### Supplied information:
++++++++++++++++++++

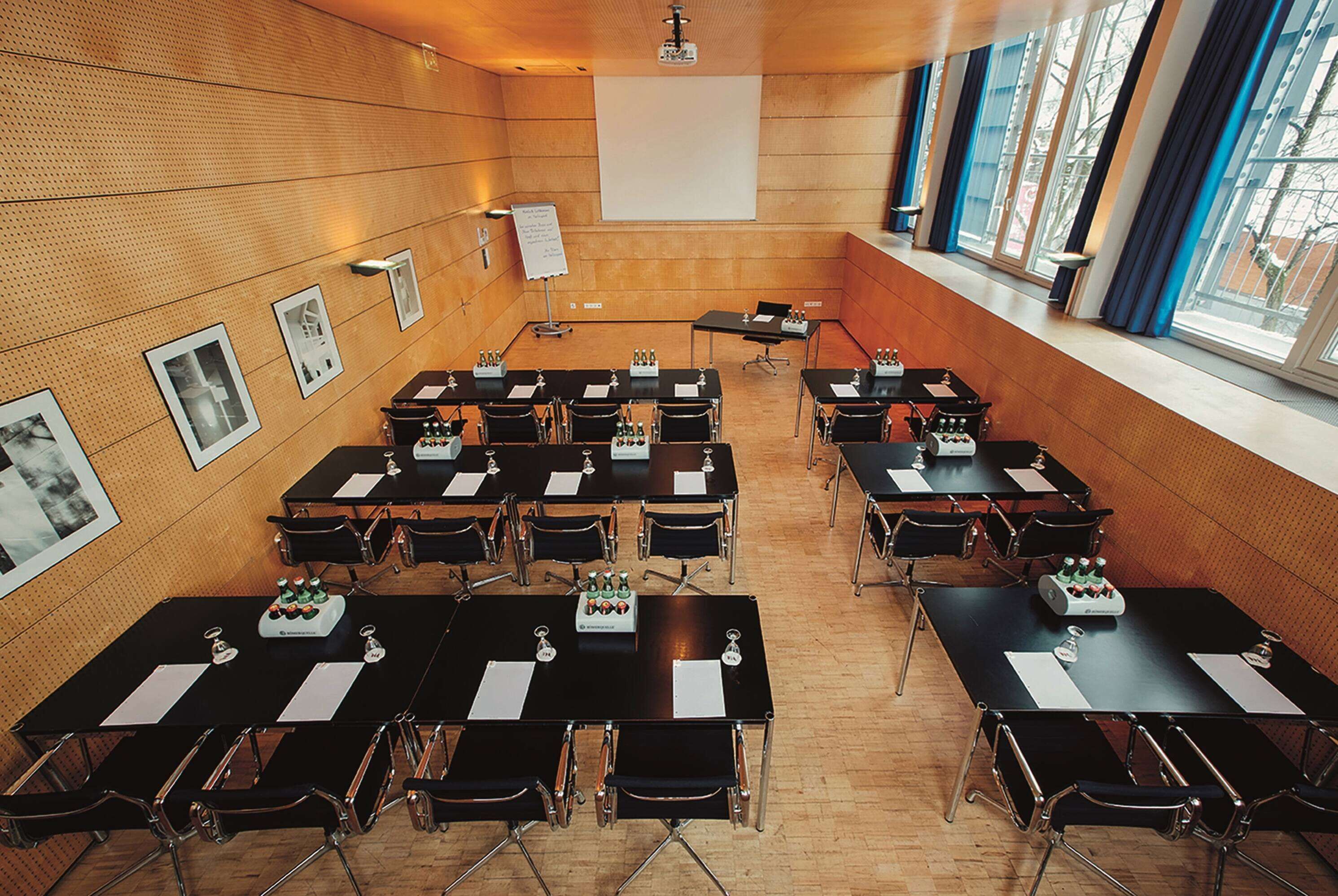 A conference room with multiple tables and chairs, a projector screen, and a whiteboard.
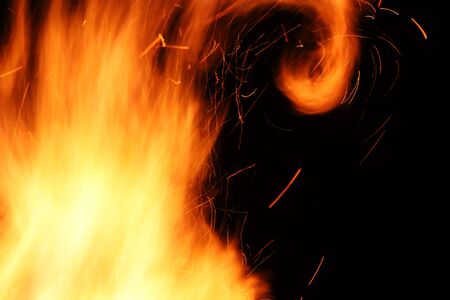 Wild yellow flames from a burning wood fire at nightの写真素材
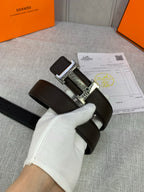 Leather belt with dark brown strap and silver H buckle, held in white glove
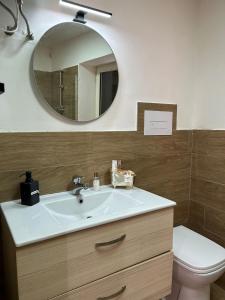 W łazience znajduje się umywalka, lustro i toaleta. w obiekcie VILLA MULINO w mieście Napoli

++++++++++++++++++++

### What the task requires:
Every line of the data is to be transcribed exactly, and no picture is to be included.

### Exercise response:
 A conference room with multiple tables and chairs, a projector screen, and a whiteboard.
 Wild yellow flames from a burning wood fire at nightの写真素材
 Leather belt with dark brown strap and silver H buckle, held in white glove
 W łazience znajduje się umywalka, lustro i toaleta. w obiekcie VILLA MULINO w mieście Napoli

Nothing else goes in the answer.